After finding the line with "Abogado ejecutivo trabajando" in the data below, set down exactly each line through the one with "Samsung Galaxy S24", inclusive, and stop there.

- Task inputs
<<<<

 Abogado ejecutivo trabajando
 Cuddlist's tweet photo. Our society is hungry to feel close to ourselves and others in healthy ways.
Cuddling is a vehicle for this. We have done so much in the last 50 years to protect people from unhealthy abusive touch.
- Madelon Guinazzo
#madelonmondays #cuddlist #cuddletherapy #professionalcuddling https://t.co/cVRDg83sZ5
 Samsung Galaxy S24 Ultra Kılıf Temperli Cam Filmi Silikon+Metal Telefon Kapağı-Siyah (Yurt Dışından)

>>>>
<<<<

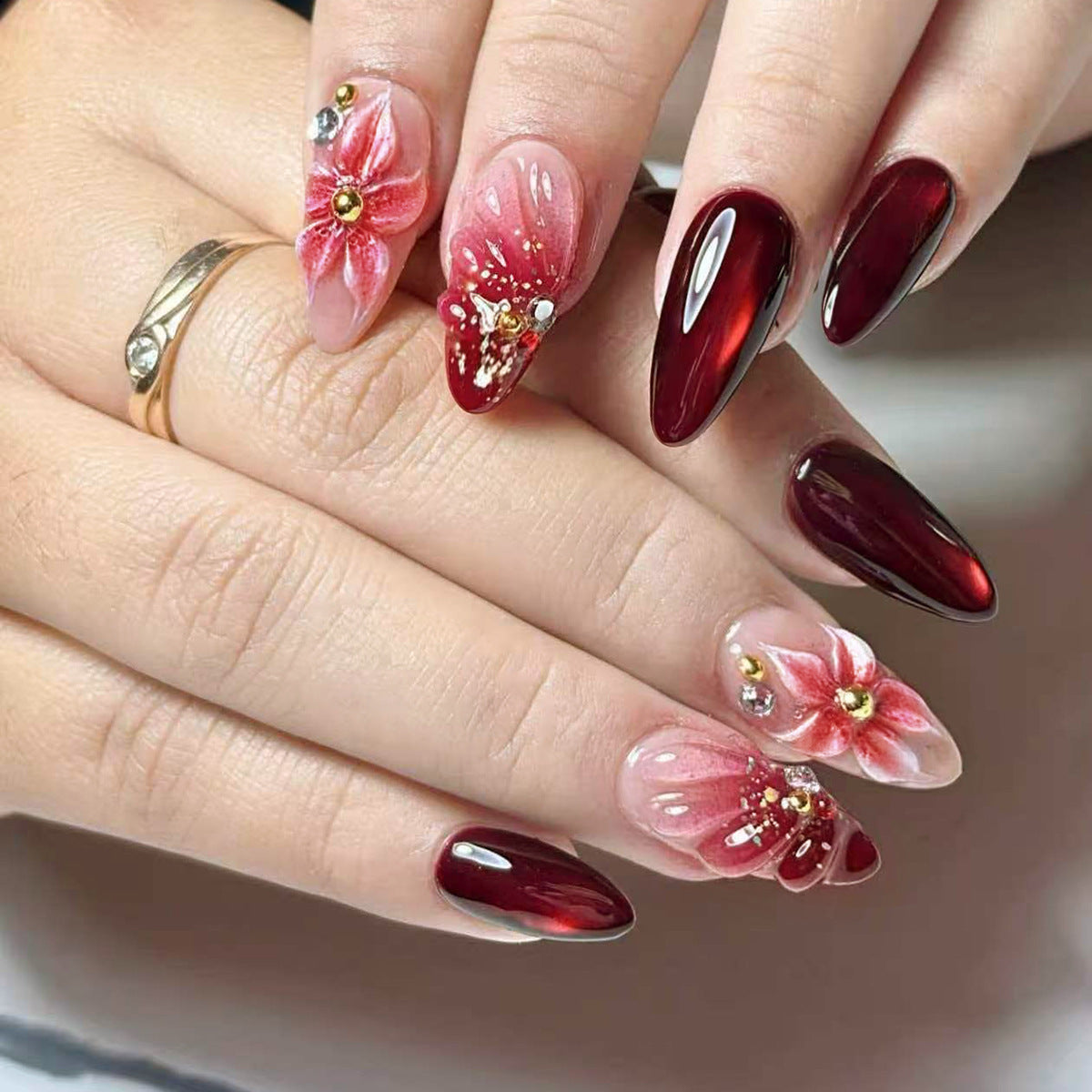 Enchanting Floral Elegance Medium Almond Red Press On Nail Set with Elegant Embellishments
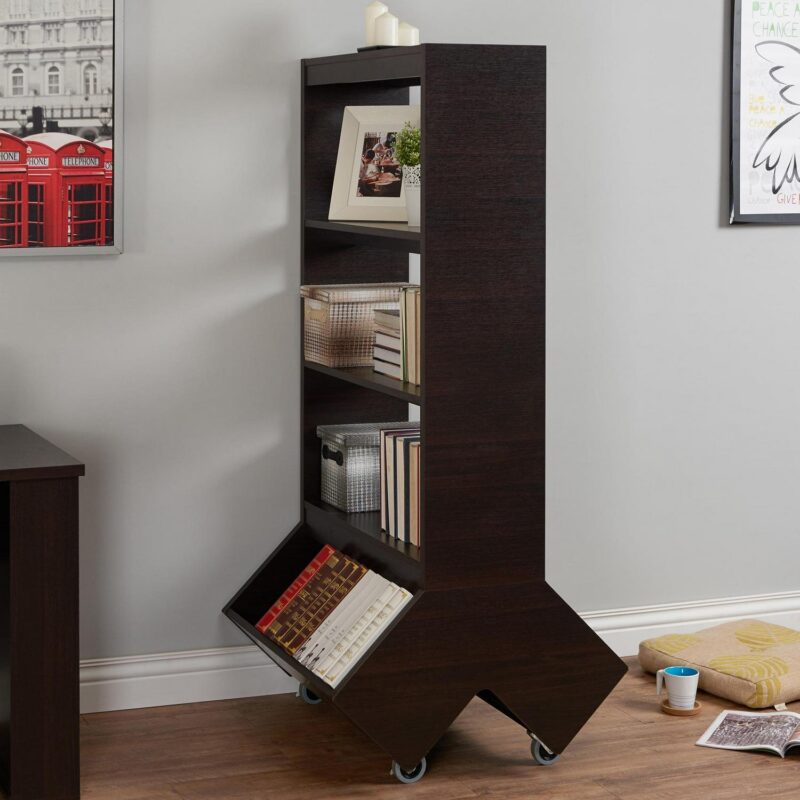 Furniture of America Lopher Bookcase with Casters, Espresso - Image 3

>>>>
<<<<

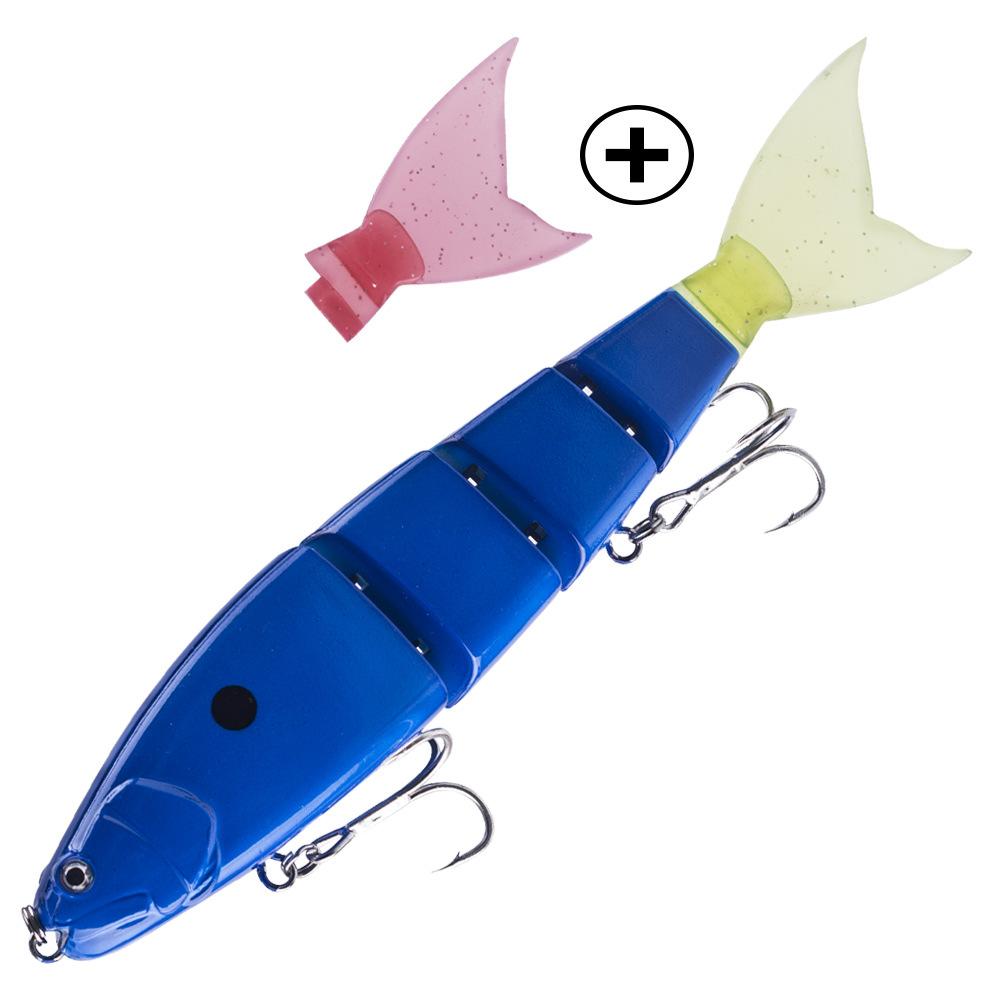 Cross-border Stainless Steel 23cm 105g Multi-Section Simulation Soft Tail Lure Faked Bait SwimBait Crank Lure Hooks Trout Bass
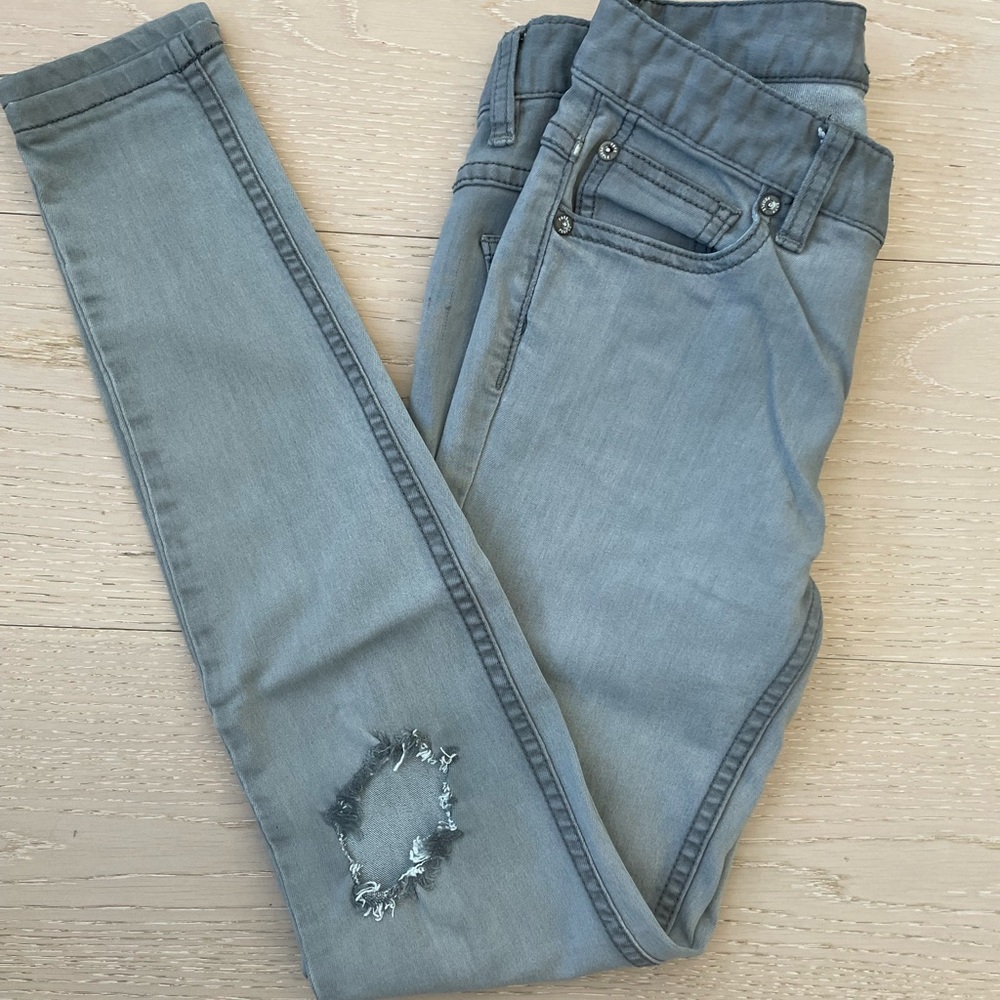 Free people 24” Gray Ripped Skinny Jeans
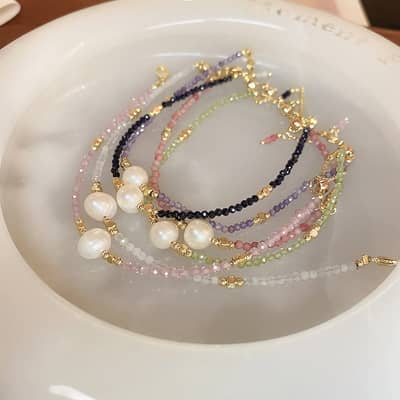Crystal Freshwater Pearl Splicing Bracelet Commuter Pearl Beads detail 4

>>>>

- Completed task
 Abogado ejecutivo trabajando
 Cuddlist's tweet photo. Our society is hungry to feel close to ourselves and others in healthy ways.
Cuddling is a vehicle for this. We have done so much in the last 50 years to protect people from unhealthy abusive touch.
- Madelon Guinazzo
#madelonmondays #cuddlist #cuddletherapy #professionalcuddling https://t.co/cVRDg83sZ5
 Samsung Galaxy S24 Ultra Kılıf Temperli Cam Filmi Silikon+Metal Telefon Kapağı-Siyah (Yurt Dışından)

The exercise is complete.